» **Assignment**:
Pictures excluded, copy all of the data below exactly.

---------- Information supplied ----------

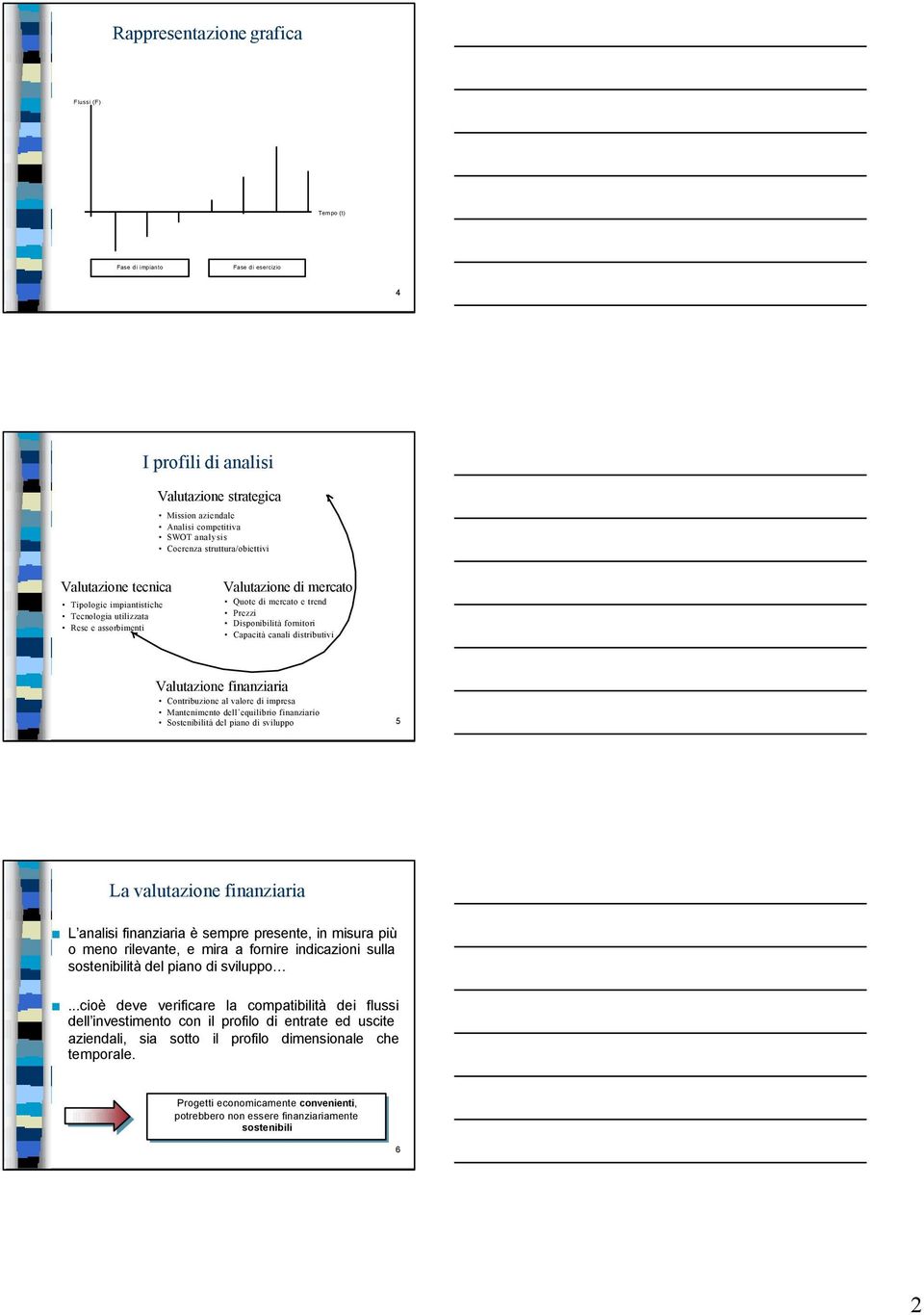 canali distributivi Valutazione finanziaria Contribuzione al valore di impresa Mantenimento dell equilibrio finanziario Sostenibilità del piano di sviluppo 5 La valutazione finanziaria L analisi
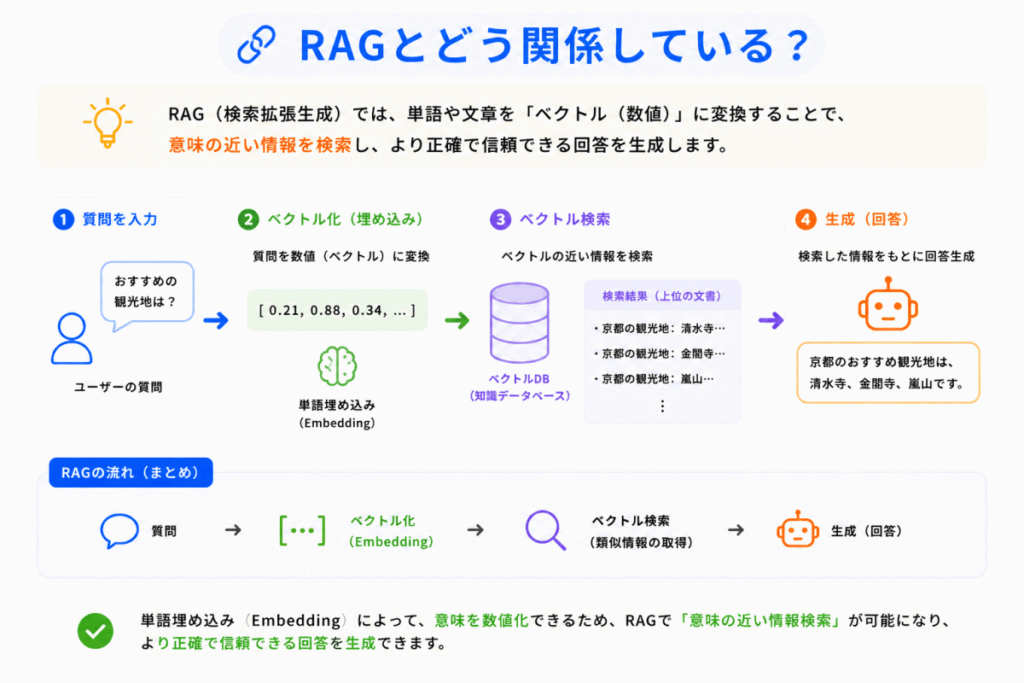 RAGとどう関係している？のイメージ画像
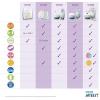 Радионяня Philips AVENT - SCD505|00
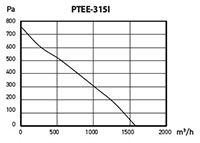 PTEE-I SERIES - Metal Inline Duct Blowers PTEE-315I_Performance Curves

----------

» **Task output**:
 canali distributivi Valutazione finanziaria Contribuzione al valore di impresa Mantenimento dell equilibrio finanziario Sostenibilità del piano di sviluppo 5 La valutazione finanziaria L analisi
 RAGとどう関係している？のイメージ画像
 Радионяня Philips AVENT - SCD505|00
 PTEE-I SERIES - Metal Inline Duct Blowers PTEE-315I_Performance Curves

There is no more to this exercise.